Augmenting Data Beats Better Algorithms
eldavojohn writes "A teacher is offering empirical evidence that when you're mining data, augmenting data is better than a better algorithm. He explains that he had teams in his class enter the Netflix challenge, and two teams went two different ways. One team used a better algorithm while the other harvested augmenting data on movies from the Internet Movie Database. And this team, which used a simpler algorithm, did much better — nearly as well as the best algorithm on the boards for the $1 million challenge. The teacher relates this back to Google's page ranking algorithm and presents a pretty convincing argument. What do you think? Will more data usually perform better than a better algorithm?"
I think it heavily depends on what you're kind of data your mining.
I worked for a while on the Netflix prize, and if there's one thing I learned it's that a recommender system almost always gets better the more data you put into it, so I'm not sure if this one case study is enough to apply the idea to all algorithms.
Though, in a way, this is sort of a "duh" result - data mining relies on lots of good data, and the more there is generally the better a fit you can make with your algorithm.
In problems like minimizing lateness et. al. "better" can be simply defined as "closer to optimal" or "fewer time units late."
Here, better means different things to different people. The more data you have gives you a larger set of people, and probably a more accurate definition of better for a larger set of people. I'm not sure you can really compare the two.
Of course. Why wouldn't more (or bettter) relevant data that applies on a case-y-case basis provide more improved results than a "improved algorithm" (what does that mean, really?) that applied generally and globally?
I think we need much, much more rigorous definitions of "more data" and "better algorithm" in order to discuss this in any meaningful way.
everything in moderation
This reminds me of those articles who say that the amount of data humanity has archived is so much data that nobody could possibly use it in a lifetime. I think what people fail to remember is this: the point is to have available data just-in-case you need to reference it in the future. Nobody watches security tapes in full. The review the day or hour that the robbery occured. Does that mean we should stop recording everything? No. Let's keep archiving.
Combine that with the speed at which computers are getting more efficient - and I see no reason to just keep piling up this crap. More is always better. (More efficient might be better- but add the two together, and you're unstoppable)
Belief? Hope? Preference?The Existential Vortex
I can see that more data (especially more varied data) could be better than a tweaked algorithm.

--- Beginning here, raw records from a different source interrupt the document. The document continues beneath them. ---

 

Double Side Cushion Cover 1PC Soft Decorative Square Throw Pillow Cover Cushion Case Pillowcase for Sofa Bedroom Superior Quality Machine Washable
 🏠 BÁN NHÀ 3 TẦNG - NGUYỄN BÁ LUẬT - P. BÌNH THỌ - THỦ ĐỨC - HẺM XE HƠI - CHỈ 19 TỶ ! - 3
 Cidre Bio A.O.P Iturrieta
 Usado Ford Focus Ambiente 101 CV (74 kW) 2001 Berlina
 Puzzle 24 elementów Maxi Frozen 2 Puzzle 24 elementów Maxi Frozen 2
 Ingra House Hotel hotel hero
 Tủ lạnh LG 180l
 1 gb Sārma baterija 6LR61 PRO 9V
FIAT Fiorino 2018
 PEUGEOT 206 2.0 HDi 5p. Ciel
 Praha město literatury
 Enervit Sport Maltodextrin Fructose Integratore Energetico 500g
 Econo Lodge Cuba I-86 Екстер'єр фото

Especially in machine learning, I see many people publish papers on a new method that does 1% better than preexisting methods.

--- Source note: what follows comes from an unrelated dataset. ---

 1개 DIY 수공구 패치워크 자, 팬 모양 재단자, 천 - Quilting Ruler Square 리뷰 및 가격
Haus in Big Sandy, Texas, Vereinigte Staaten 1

Now, I won't deny that algorithmic advances are important, but it seems to me that unless you have a better understanding of the underlying system (which might be a physical system or a social system) tweaking algorithms would only lead to marginal improvements.

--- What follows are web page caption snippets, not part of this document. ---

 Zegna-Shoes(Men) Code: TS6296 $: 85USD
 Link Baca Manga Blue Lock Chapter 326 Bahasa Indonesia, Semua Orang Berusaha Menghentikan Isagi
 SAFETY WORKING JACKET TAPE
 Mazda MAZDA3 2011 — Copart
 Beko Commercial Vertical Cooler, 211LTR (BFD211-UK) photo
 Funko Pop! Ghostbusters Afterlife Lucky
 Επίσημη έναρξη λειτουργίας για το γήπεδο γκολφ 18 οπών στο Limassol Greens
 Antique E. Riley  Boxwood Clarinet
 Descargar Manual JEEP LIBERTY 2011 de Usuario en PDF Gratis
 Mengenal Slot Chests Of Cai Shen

Obviously, there will be a big jump when going from a simplistic method (say linear regression) to a more sophisticated method (say SVM's). But going from one type of SVM to another slightly tweaked version of the fundamental SVM algorithm is probably not as worthwhile as sitting down and trying to understand what is generating the observed data in the first place.
Better data is probably most important and having more data makes having better data more likely. It would probably make sense to analyse the impact of each datum on the accuracy of the ruslt, then choose a better algorithm using the most influential data. That is, a simple algorithm on good data is better than a great algorithm on mediocre data.
Great minds think alike; fools seldom differ.
And the teams were identically talented? In my CS classes, I could have hand-picked teams that could make O(2^n) algorithms run quickly and others that could make O(1) take hours.
Dewey, what part of this looks like authorities should be involved?
"What do you think? Will more data usually perform better than a better algorithm?"
I need more data.
With reasonable men I will reason; with humane men I will plead; but to tyrants I will give no quarter. -- William Lloyd
If more data is helpful, then Netflix is really hurting themselves with their 5-star rating system. I'd only give 5 stars to a really amazing movie, but to only give 3/5 stars to a movie I enjoyed feels too low. Many movies that range from a 7/10 to a 9/10 get lumped into that 4 star category, and the nuances of the data are lost.
How to translate the entire experience of watching a movie into a lone number is a separate issue.
He's getting rather old, but he's a good mouse.
You could also make an elaborate algorithm that uses user age, sex & location
Honestly, I could provide endless ideas for 'better algorithms' although I don't think any of them would even come close to matching what I could do with a database like IMDB. Hell, think of the Bayesian token analysis you could do on the reviews and message boards alone!
My work here is dung.
One would hope that the thing that calculates the heuristic is an algorithm. See wikipedia.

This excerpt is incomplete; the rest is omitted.